Wash: Oh god, oh god, we\'re all going to die?

suicidal_monkey

rant/
bloody press selling the news ... that's all that was. Free press is all very well but sometimes I think they should answer for some of the messes they've made with their "objective" (yeah right) and unbiased (could've fooled me!) reporting. Unfortunately there's enough people out there just waiting to take things like this, get in a huff and go all righteous ... even once someone's pointed out that the boy involved said himself that nothing happened, it was all basically banter.
/rant


wrt physical punishment - some people need physical punishment to teach them right from worng, sort of like training dogs the rules of the house. Other kids don't need to be hit to understand and a few words will tell them they did somethig wrong and be sorry for it. I'm all for corporal punishment as long as it's carried out within reason. There's a line beyond which punishment becomes abuse. When your puppy pees on the carpet you smack his nose with enough force so he feels some hurt and probably rub his nose in it ... after a while the puppy learns to go outside. If you don't do anything the dog'll just stink out your house, and if you smack the dog around a bit it'll get confused, no longer associate the punishment with the crime and just think you're nasty, and turn out either nasty and bitey, or shy and unhappy. Not all parents are going to know or respect the limits and real cases of abuse need to be dealt with, but an all-out ban doesn't help, and actually hinders those parents that have some sense. If their kids won't listen to their reasoning in the first place what do they do next? Does grounding work? Being a parent sound like hard work:blink: then with the threat of legal action brough by your unruly child, the prissy neighbour, etc... good grief
[SIGPIC].[/SIGPIC]

delanvital

#6
Excellent posts and a very good read.

My folks have never as much as grabbed my arm, nor my brother and sister. I dunno why it was never needed. Maybe because we could always sort issues verbally.

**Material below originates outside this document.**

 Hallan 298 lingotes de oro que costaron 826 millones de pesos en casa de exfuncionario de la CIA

I would like to emphasise the need for corporal punishment to be only a last resort - the consequences if used in the wrong way can be very negative.

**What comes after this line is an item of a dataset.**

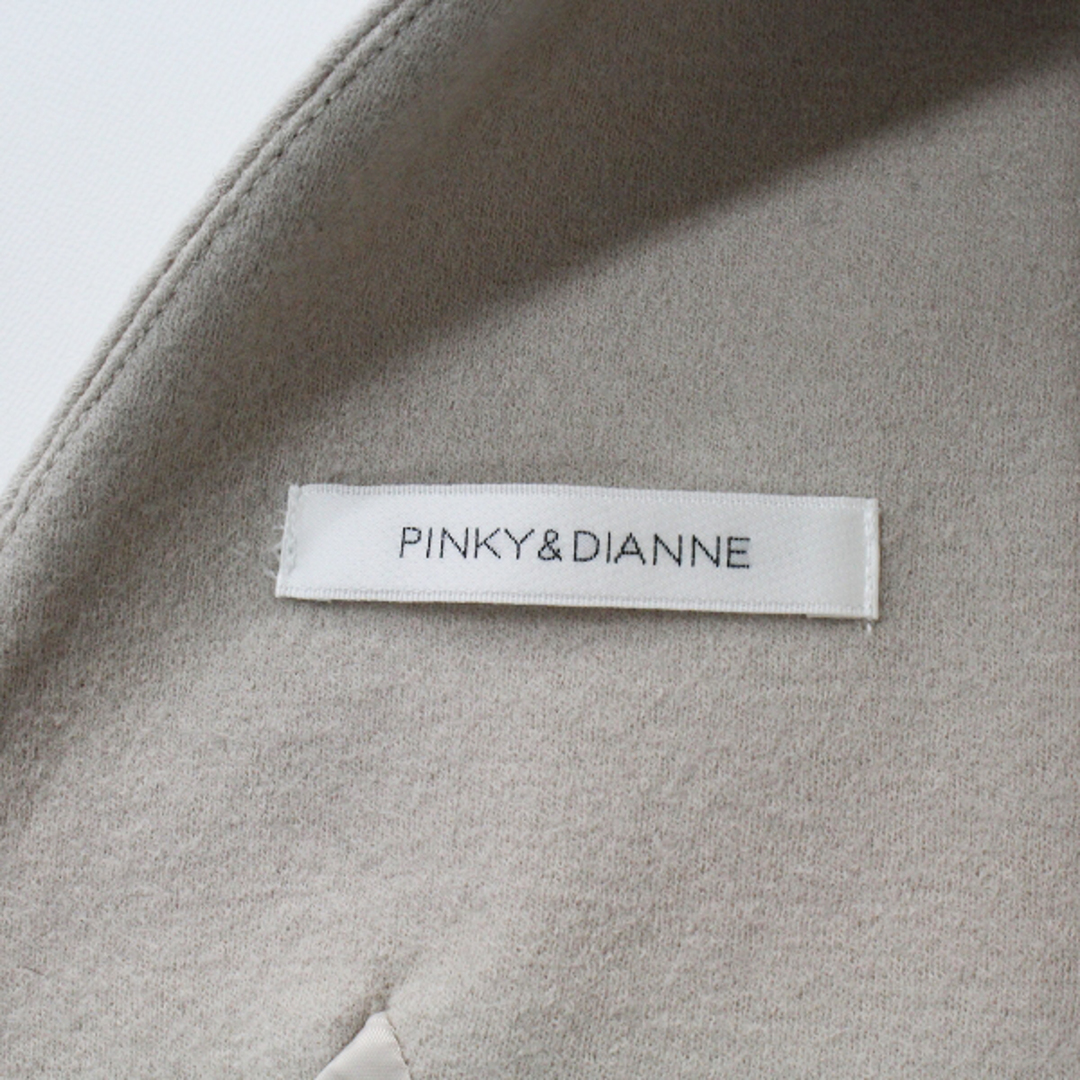 Pinky&Dianne(ピンキーアンドダイアン)の定価3.7万 2021AW PINKY&DIANNE ピンキー&ダイアン ファーポケットジャンパースカート 38/ベージュ ラビットファー【2400013179157】 レディースのスカート(ひざ丈スカート)の商品写真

But then again, I am also influenced by the life of a childhood friend who had a dad that laid hands on him for the wrong reasons.

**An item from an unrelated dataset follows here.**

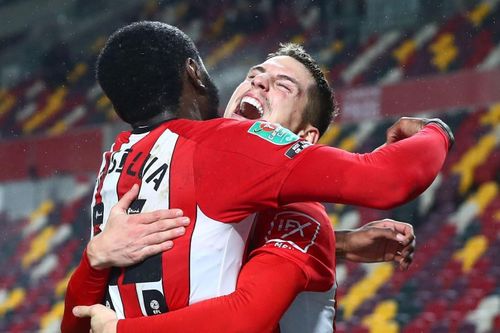 Brentford tạo cột mốc ấn tượng khi vào bán kết League Cup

Tbh I must admit should I someday end up a parent with a kid spinning out of control I am not sure I could ever resort to that, having never been exposed to it. This is a subject my fiancee and I cannot agree on, her being a girl with a very hard upbringing, both mentally and physically, and naturally biased by that and of course suspicious towards my parents methods having never been exposed to them. I grew up with "freedom under responsibility " where she believes in a firm and more controlling method.

Jamoe

Quote from: suicidal_monkey;150939rant/
bloody press selling the news ... that's all that was. Free press is all very well but sometimes I think they should answer for some of the messes they've made with their "objective" (yeah right) and unbiased (could've fooled me!) reporting. Unfortunately there's enough people out there just waiting to take things like this, get in a huff and go all righteous ... even once someone's pointed out that the boy involved said himself that nothing happened, it was all basically banter.
/rant

agree 100%, I saw some pictures of the alleged "assuialt", utter BS. Everything is sensationalised, its impossible to trust the storys.

Blunt

QuoteCherie Blair in boy 'slap' probe

I didn't mind the slap so much, but the probe was simply inhuman...is she an alien?
Regards
Blunt


People who blow things out of proportion are worse than Hitler.